Reservoir Permeability Upscaling Indicators From Welltest Analysis.
A methodology has been developed, for a non-fractured reservoir, to:
Correlate effective permeability values from upscaled core data with those inferred from welltest analysis.
Estimate a potential well's initial productivity
It could be applied to screen and rank potential development well locations, by relative initial productivity, based on appraisal well data. The observations are based on the analysis of core and welltest data from a Middle East carbonate reservoir which has been on production for over 30 years.
Correlating effective permeability values from upscaled core data with those inferred from welltest analysis has traditionally been an issue of concern for reservoir engineers. The effective single-phase permeability of a region, characterized by a fine-scale permeability distribution, is defined to be the permeability of an equivalent spatially homogeneous permeability region which would produce the same flow rate for a given pressure drop applied across the region in any given direction. The effective permeability depends on both the frequency and the spatial distribution of the fine-scale permeability values. Higher fine-scale permeability values will result in a higher effective permeability and vice versa. To understand the influence of the second factor, please refer to Figure 1. It shows a typical plot of the effect of anisotropy on a region's effective permeability. Anisotropy characterizes the degree of layering in the system. For a spatially isotropic system, which is characterized by an anisotropy value of 1, the effective permeability Ke will be the same in all directions and can be approximated by the geometric average of the fine-scale permeability values. The fluid flow characteristics will be 100% random in nature. The effective horizontal permeability Keh will be the same as the effective vertical permeability Kev. As the anisotropy increases, Keh will increase while Kev will decrease. In the limit, for a perfectly layered system, Keh is given by the arithmetic average of the fine-scale horizontal permeability values and Kev is given by the harmonic average of the fine-scale vertical permeability values. The fluid flow will essentially be 100% parallel. Table 1 lists the three traditionally used permeability averaging equations. Please note that both the geometric and the harmonic averaging equations are "biased" by zero fine-scale permeability values. Cut-offs need to be used to screen the fine-scale permeability values being input into either equation.
Noetinger and Jacquin developed a general and rigorous theoretical framework for upscaling single-phase fine-scale permeability values in a 3D control volume and proposed an equation for determining the effective permeability of a region. In this study, a method has been proposed to modify their equation and apply it to upscale fine-scale core-plug permeability data and correlate the core-based effective permeability with that inferred from welltest analysis in a non-fractured reservoir.

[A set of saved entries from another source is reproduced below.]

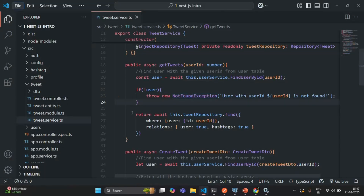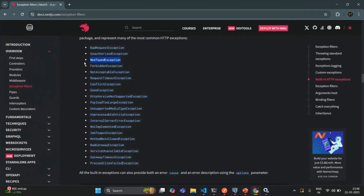This was a simple example of handling an exception using a built-in exception class. Remember that we can also create our own custom exceptions, and we will learn about that in coming lectures. I hope you now understand what an exception is and that NestJS provides built-in exceptions you can use to handle different types of exceptions in your application. If you have any questions, feel free to ask. Thank you for listening and have a great day.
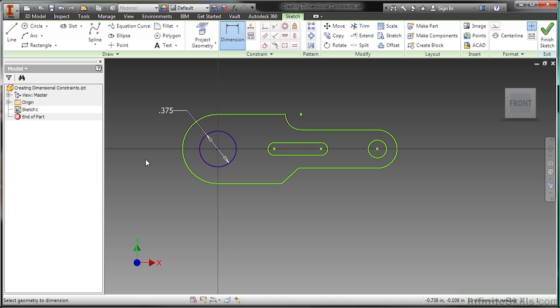So here I'll make it 0.375. I'll hit enter and it automatically will resize it. And you'll also notice that it automatically scaled my entire sketch geometry too. That's actually a neat trick about the software. Your first dimension you put on, as long as it's only the single dimension you have, it automatically will scale the rest of your geometry based on that adjustment.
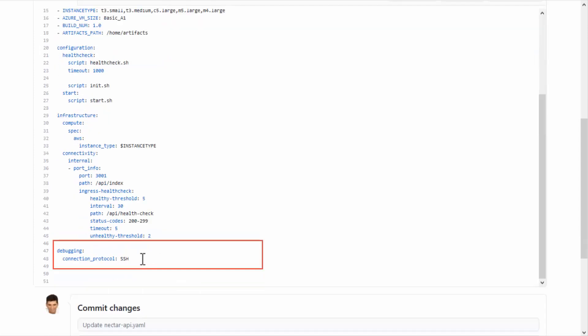The Debugging section is where you enable connections to the virtual machine on which the application is installed. This option is useful for troubleshooting purposes. Configuring this option is done in the Blueprint and Application YAMLs. The Blueprint YAML defines the connection method to use, and the Application YAML is where you define the connection protocol.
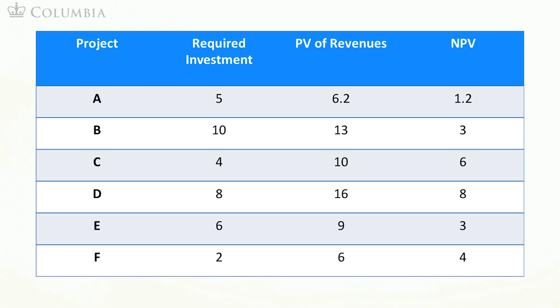The profitability index is useful when you are facing a situation in which you have multiple projects and you must pick only a subset of them, because you cannot finance them all. This is a typical situation corporations face.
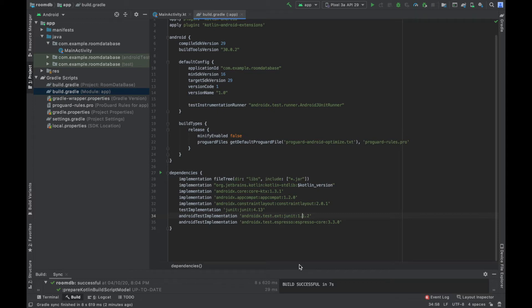In this video lecture we are going to start Room Database with Kotlin. The Room Database is a persistent library that is part of the Jetpack component. With the help of Room Database we can work very easily with SQLite database and we can avoid the boilerplate code. There is one more advantage of Room Database: compile-time query checking.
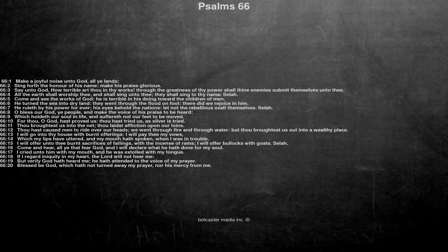But verily God hath heard me, he hath attended to the voice of my prayer. Blessed be God, which hath not turned away my prayer, nor his mercy from me.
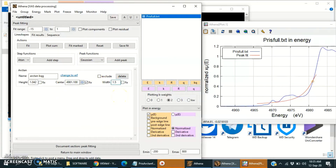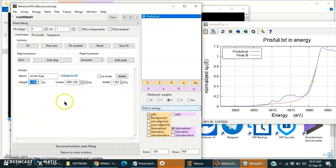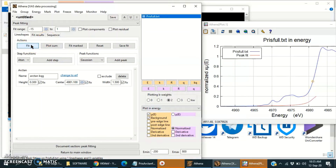First of all we will fix the width of this function and fit it. The height is too large here, so I want to reduce it. Since the previous line is at zero, make it zero itself and try it. Now leave the energy free and try it.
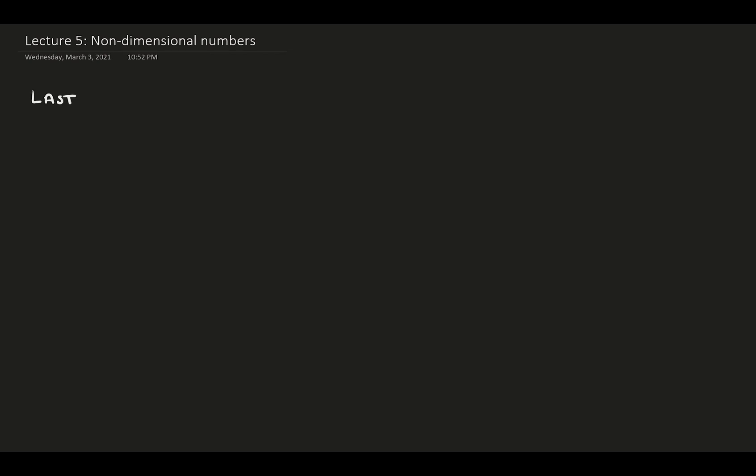Hi, and welcome to the next lecture on fluid mechanics. Last time, we started to consider the dimensions of problem. These base dimensions are mass, length, and time.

As mentioned before, the analyses are based on data from a Middle East carbonate reservoir. Most of the core data, from 17 wells, was obtained on non-preserved rock under ambient conditions. Detailed description of core from 5 wells indicated that the reservoir is not fractured. Analysis of the 87Sr/86Sr isotope ratio in the residual salt present in core samples was coupled with log, core and pressure data to determine the presence of vertical flow barriers. This was used to better define the effective flow intervals for welltest analysis. Several pressure build-up tests were available for each well. However, most tests were plagued by missing early time data and poor data quality. Special steps had to be taken to account for the geology, address the uncertainty in the computed parameters and extract meaningful information from old welltest data.
This paper discusses the steps taken to address the limitations and uncertainty associated with analyzing old core and welltest data, provides the details of the methodology for correlating core and welltest KH data in a non-fractured reservoir and highlights the procedure that could be used to estimate the relative initial productivity of potential well locations.